Diga para o seu irmão: “Perante Deus até a tristeza salta de prazer”
Ora, a quem o aludido texto de Jó se refere? Intuitivamente, qualquer pessoa responderia: “A Deus, é claro”, visto que o Senhor, de fato, espanta a tristeza por meio da alegria, uma vez que na presença dEle há abundância de alegria, diz o salmista (Salmos 16.11). Que tal fazermos uma leitura rápida do capítulo 41 do livro de Jó? Aliás, antes disso, é importante observar que, no capítulo 38, Deus começou a chamar a atenção do patriarca Jó para a obra da sua maravilhosa criação: “Onde estavas tu, quando eu fundava a terra?” (v. 4).
A partir do capítulo 40, Deus mostra a Jó a força de alguns animais, destacando o beemote (um grande quadrúpede das selvas, similar ao hipopótamo) e o “monstro das águas”, o leviatã, termo que o famoso filósofo — e teólogo — inglês Thomas Hobbes tomou emprestado, no século XVII, para descrever o Estado. Segue-se que o texto de Jó 41.22 (ARC) —”No seu pescoço pousa a força; perante ele, até a tristeza salta de prazer” — é a continuação da descrição das características do leviatã e nada tem que ver com Deus! Mas, antes que alguém resolva sair por aí pregando que a tristeza salta de prazer diante do leviatã, permita-me explicar o versículo em apreço à luz da Teologia Exegética, ciência que abarca Hermenêutica e Exegese.
Em Jó 41 vemos uma descrição hiperbólica do leviatã — animal similar a um crocodilo, mas muito maior em tamanho —, a qual aponta para a ferocidade desse animal. A versão bíblica Revista e Atualizada de Almeida (ARA) apresenta uma tradução um pouco mais clara do versículo 22: “diante dele salta o desespero”. Já a Almeida Revista e Corrigida (ARC) foi baseada num manuscrito que contém uma falha do copista — em tempos remotos, todas as cópias eram feitas à mão; no hebraico bíblico, um pequeno sinal, quase imperceptível, é capaz de mudar completamente o sentido de uma palavra.

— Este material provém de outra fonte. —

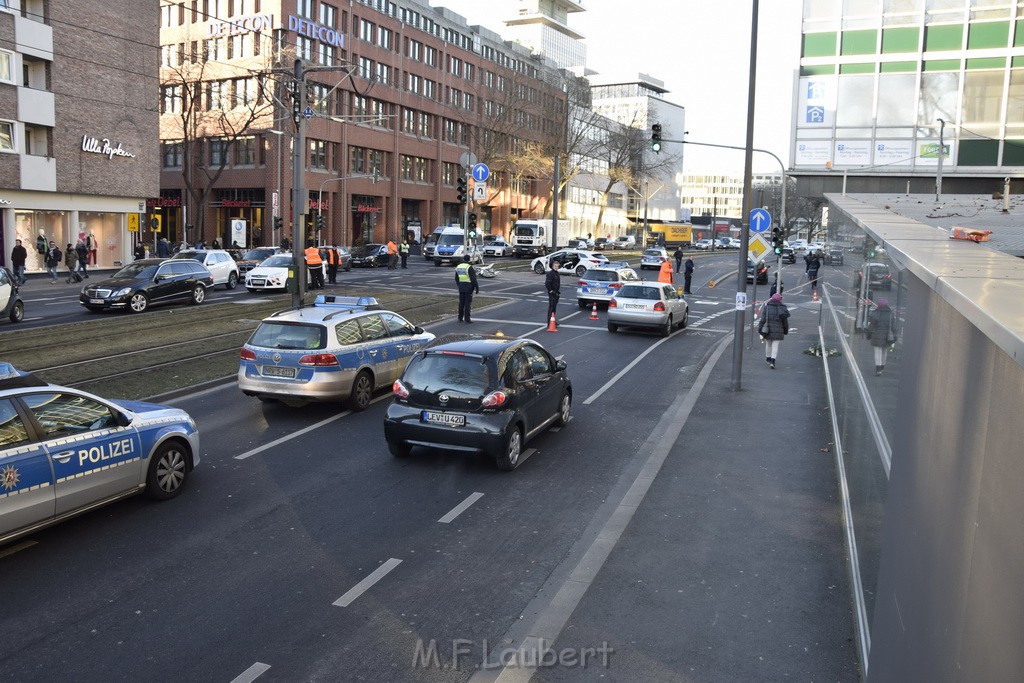 VU PKW Strab Koeln Mitte Pipinenstr Hohestr P206.JPG - Miklos Laubert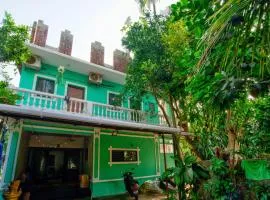Leelas Guest House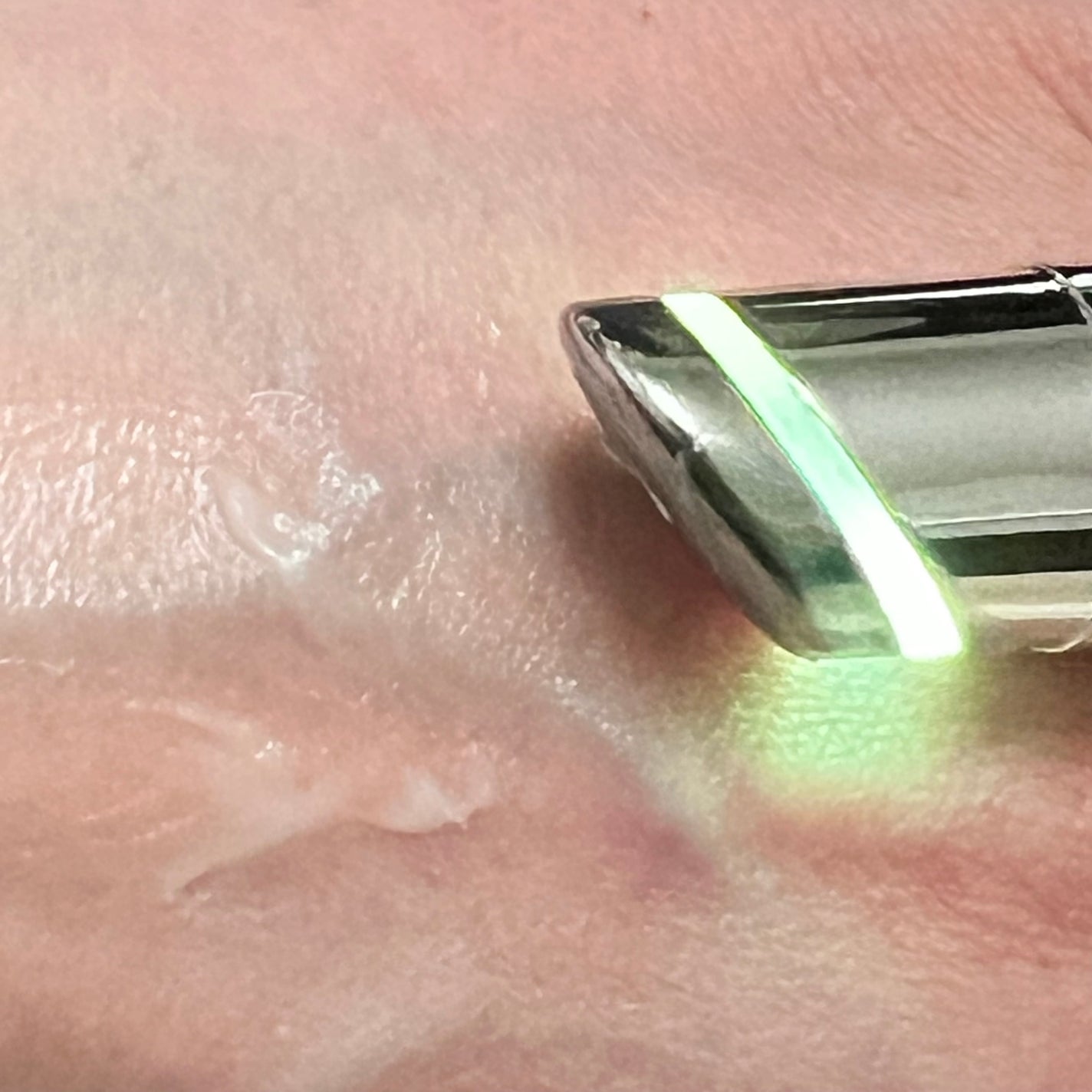 NMNプラスリフトアイクリーム/CHARDE/アイケア・アイクリームを使ったクチコミ(3枚目)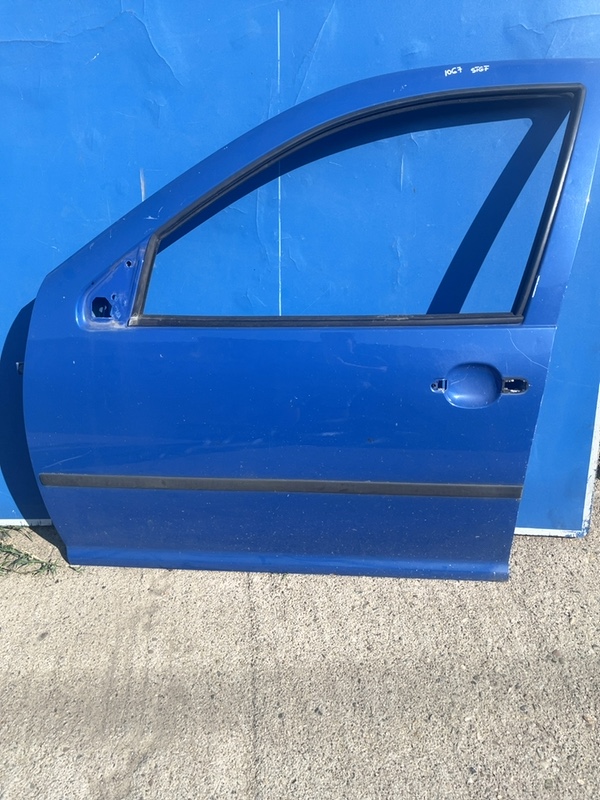 Ușă față - Culoare: Albastru, Parte montare: Stânga față - Volkswagen Golf 4 generation [1997 - 2006] Hatchback 5-doors 1.4 MT (75 hp)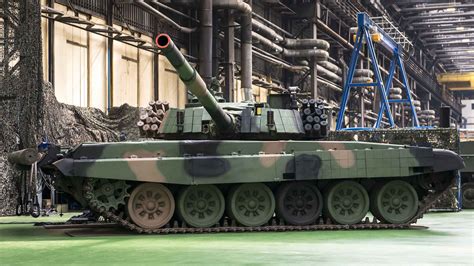 Ukraine receives PT-91 Twardy tanks from Poland - Militarnyi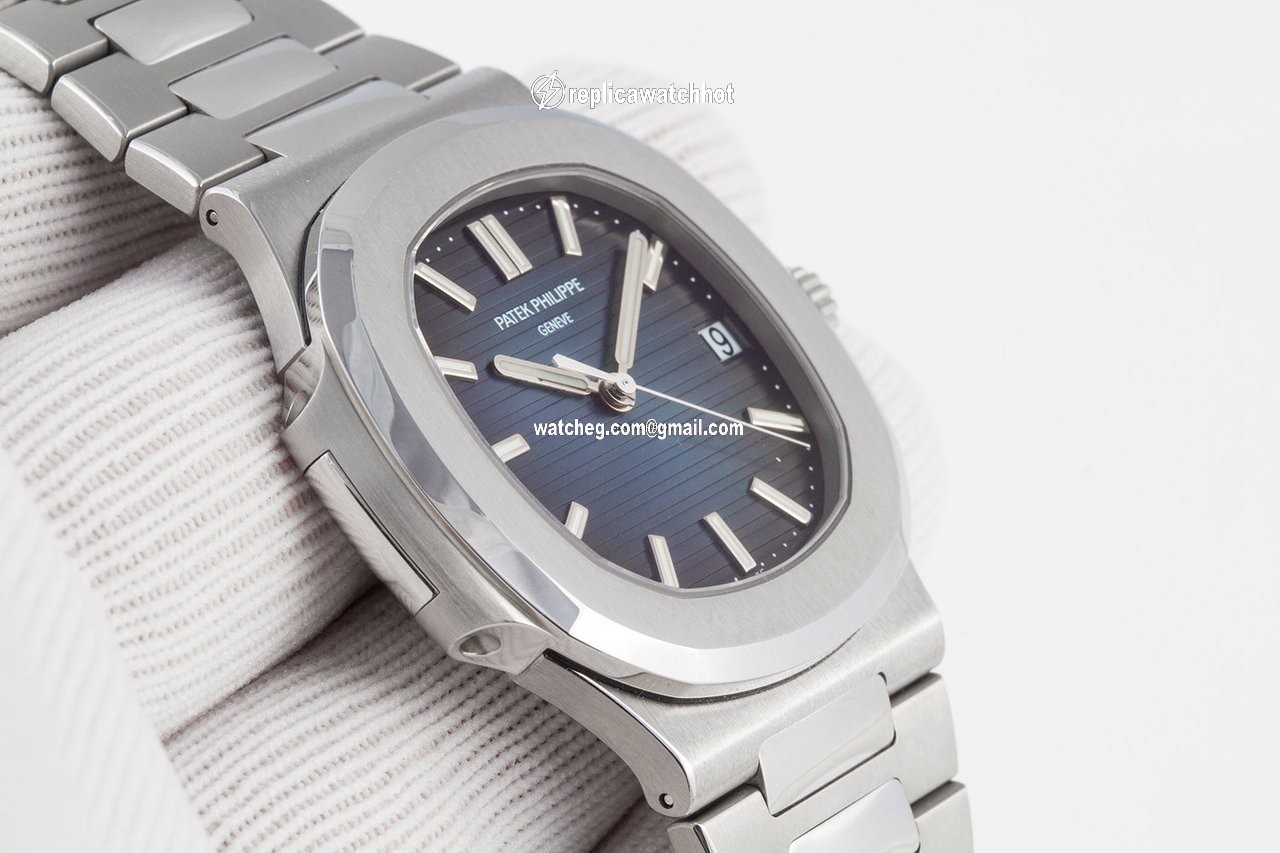 Patek Philippe Nautilus Mens watch Unisex Automatic Steel 5711 1A-010 4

O capítulo 41 de Jó apresenta, também, uma descrição do leviatã difícil de se entender: “Cada um dos seus espirros faz resplandecer a luz” (v. 18); “Da sua boca saem tochas” (v. 19); “Do seu nariz procede fumaça” (v 20); e “O seu hálito faria acender os carvões” (v. 21). Essas características, evidentemente, devem ser interpretadas como figuras poéticas de grande valentia do animal, e não como características reais.
Por que o texto de Jó 41.22 faz referência ao leviatã, e não a Deus? Porque, diante do exposto, o Criador — ao descrever a Jó as características de suas criaturas — tinha como objetivo convencer seu servo, que estava se gabando de sua justiça perante seus amigos, de sua pequenez. Veja a ironia de Deus nesta pergunta retórica: “Poderás pescar com anzol o leviatã, ou ligarás a sua língua com a corda?” (v. 1). Ele queria mostrar a Jó, através do indomável, terrível e indomesticável animal (v. 7), coberto de escamas duras como o ferro (vv. 15-17,26), o seu poder como Criador e Senhor: “Ninguém há tão atrevido, que a despertá-lo se atreva; quem, pois, é aquele que ousa erguer-se diante de mim?” (v. 10).
Portanto, o expoente das Escrituras que se preza nunca deve desprezar o contexto de uma passagem bíblica. As Escrituras foram divididas em capítulos e versículos apenas para que haja maior facilidade na procura de textos, mas isso não significa que um versículo tem autoridade em si mesmo, de forma isolada. A interpretação de cada versículo deve ser feita em sintonia com os contextos geral, imediato, referencial, histórico-cultural e literário. #FicaADica.